Bitcoin moves near key resistance near its all-time high of $123,000
Bitcoin's price remains hovering near its all-time high of $123,000. The BTC/USD price on Wednesday, August 13, drew a bullish candle with a long body and short wick at the bottom of the candle. The price formed a high of 122966, a low of 118916, and a close of 122896 on FXOpen's platform. Some traders appear to be awaiting Bitcoin's breakout momentum, which could send the price rising to a new all-time high.
Fundamentally, Bitcoin currently enjoys positive market sentiment. Many analysts view 2025 as the post-halving year, which historically triggers significant price spikes. The total crypto market capitalization is currently reported to have reached $4 trillion.
Institutional adoption remains a key driver. Reports indicate significant interest from financial institutions in crypto ETFs such as Bitcoin and Ethereum. The BlackRock Bitcoin ETF (IBIT) launched by leading university Harvard University, demonstrates this trend. Strong fund flows into the Ethereum ETF (ETHA) also strongly indicate institutional interest.
Developments in crypto regulations in the US are also providing positive support for Bitcoin. President Trump's executive order to ease access to digital assets in retirement plans could open the door to significant capital inflows into the crypto market.
Technically, Bitcoin has recently hovered around its all-time high, despite a brief correction. Some analysts see technical patterns indicating a potential further breakout, possibly reaching $126,000 or even $130,000. Some Bitcoin miners, such as Sequans, have also reportedly increased their Bitcoin holdings.
Today, the market will focus on the release of US economic data, namely the Producer Price Index (PPI) and Jobless Claims.
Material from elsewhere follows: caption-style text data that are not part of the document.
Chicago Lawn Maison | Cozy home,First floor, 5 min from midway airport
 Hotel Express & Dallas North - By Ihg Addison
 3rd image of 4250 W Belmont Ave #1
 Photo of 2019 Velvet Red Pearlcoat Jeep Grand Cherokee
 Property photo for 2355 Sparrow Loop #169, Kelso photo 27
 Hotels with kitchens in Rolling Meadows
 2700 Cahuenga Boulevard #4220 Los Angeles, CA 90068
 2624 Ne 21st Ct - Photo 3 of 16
These data will provide clues about inflationary pressures and the state of the US labor market.
The Fed appears to have factored in the possibility of an interest rate cut. Statements from Fed officials, such as Barkin's speech today, will be closely watched for further clues regarding future monetary policy.
DXY sentiment remains generally weak, recently dropping to a two-week low. This decline may have been driven by market speculation about potential interest rate cuts and increased risk-on sentiment, which has driven investors to choose riskier assets, including crypto.